Slack-jawed, we stared at her while D’admiral just about pissed his pants laughing.
“We’re… literally twins?” Pye said.
“... .. …” … … .. “... is… is it the hair…?” Stinky asked plaintively (and resentfully).
Our Gauche Friend Of Indeterminate Age suddenly got very busy and had to go somewhere else, but came back to try and explain that she thought we looked similar so that’s why she said it (cut to D’admiral shitting his pants with laughter) NOPE, YOU CAN’T EXPLAIN YOUR WAY OUT OF THIS ONE, JUST LEAVE, GO, MAYBE WALK INTO THE SEA (or at the very least promise you’ll wake up at 3am in a cold, embarrassed sweat once a year, for the next 20 years, MINIMUM).
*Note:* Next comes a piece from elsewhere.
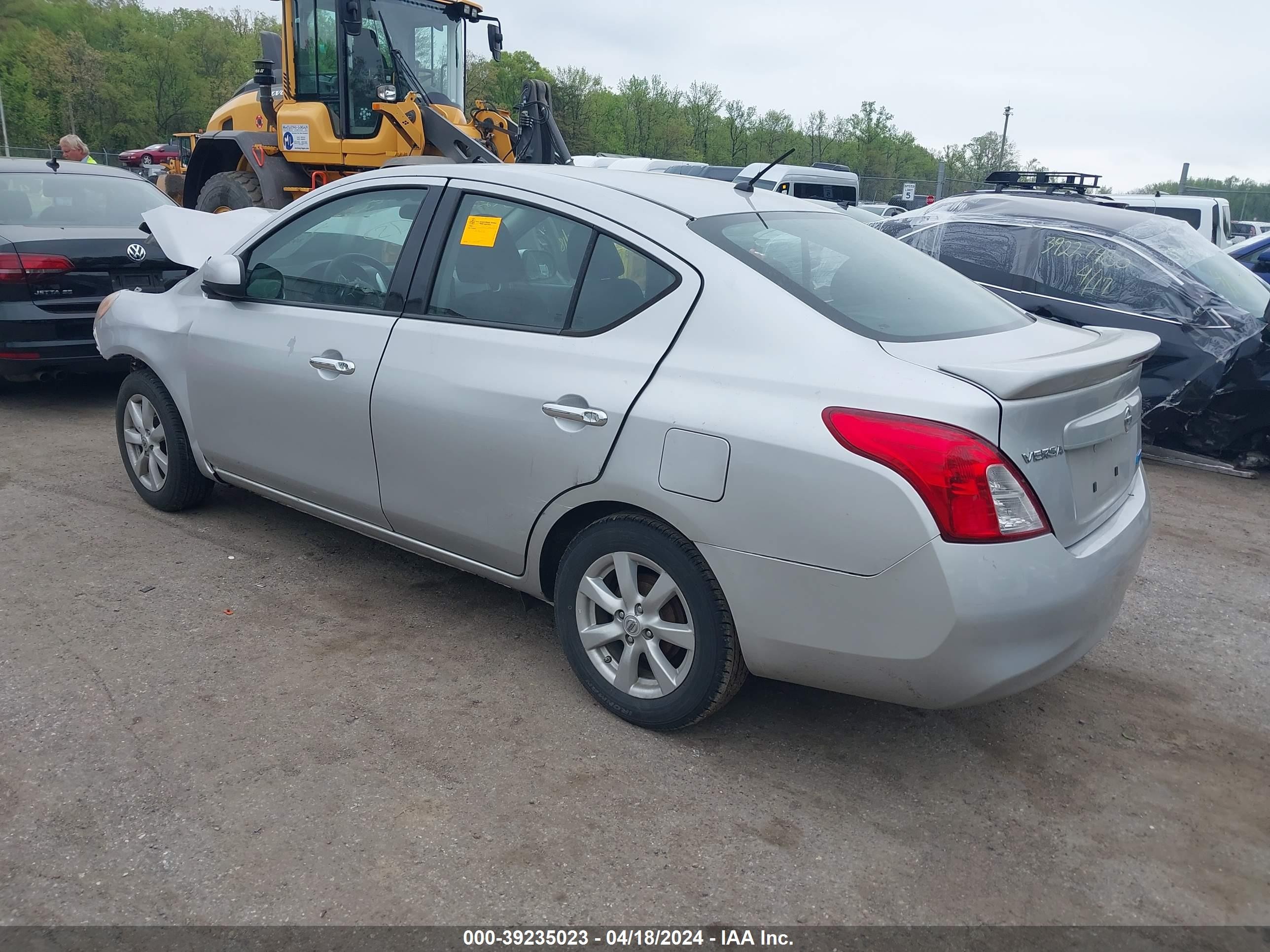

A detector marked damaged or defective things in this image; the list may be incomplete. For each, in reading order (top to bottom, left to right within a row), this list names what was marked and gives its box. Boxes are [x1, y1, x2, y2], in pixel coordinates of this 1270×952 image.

wrapped damaged car [880, 192, 1270, 463]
However, there is another school of thought, that this is on Stinky for having the same haircut as D’admiral!
Negative people will say we didn’t stay too long at Somers after that because of the dire insult, but really, we had a list of yard and housework to get sorted before Nonna came to visit us - she had to see the place at its best! I mean, we do dust regularly - at least once every three years, whether it needs it or not - but to be honest, the place hasn’t been 100% at its best for a few years, now.
Worried about the number of stairs a 95-year-old can handle? You shouldn’t be, she scampered up with the best of them!


Stinky (seen here pictured)...

… made everyone who was looking around the loo look out the window of the loft toilet for proof!

#WhenShallWeThreeMeetAgain?
Nonna approved of the garden and gave a bunch of useful advice, but that was after D’admiral wielded a skilful set of secateurs on a desperately needy bunch of stonefruit that we’d shamefully neglected.

Nonna also marvelled at Stinky’s crochetty-witchcraft (even though Chuckles had a task on her hands to explain the plot of Lilo & Stitch in Italian)...



Now, something that you have to know about Nonna is that she loves handing people $100 notes (or ‘Melbas’ as we think they should be called). This is a habit we find very charming and would never wish to discourage. In fact, we would like to encourage everybody to start handing us Melbas whenever they meet with us (or bank transfers…or send them in the mail… we’re not fussy). Anyway, she very generously gave us a housewarming present of a Melba each - this was perfect timing, as just the day before we’d had to replace the microwave.
“How much was it?” asked Nonna.
“About $300,” we replied.
“Ah,” she said.
Next thing we knew, she had reached into her wallet and was handing over another Melba! Too, too generous (...but maybe we should have first mentioned that we also just bought a fridge ah ha ha ha).

We had a lovely lunch together - none of which needed to be heated up in a microwave.

Nonna may have provided the (metaphorical) fuel for the new microwave, but Byron had, as has previously been mentioned, been very proactive in gathering the literal fuel for his pizza oven.


Look at those nails adding extra iron to our diets! The final products were quite delicious and served as a wake for the end of the holidays…

Now we have to go watch some grass grow and fuel ourselves up for the upcoming joys of Term Three, including the miraculous return of school Indo trips!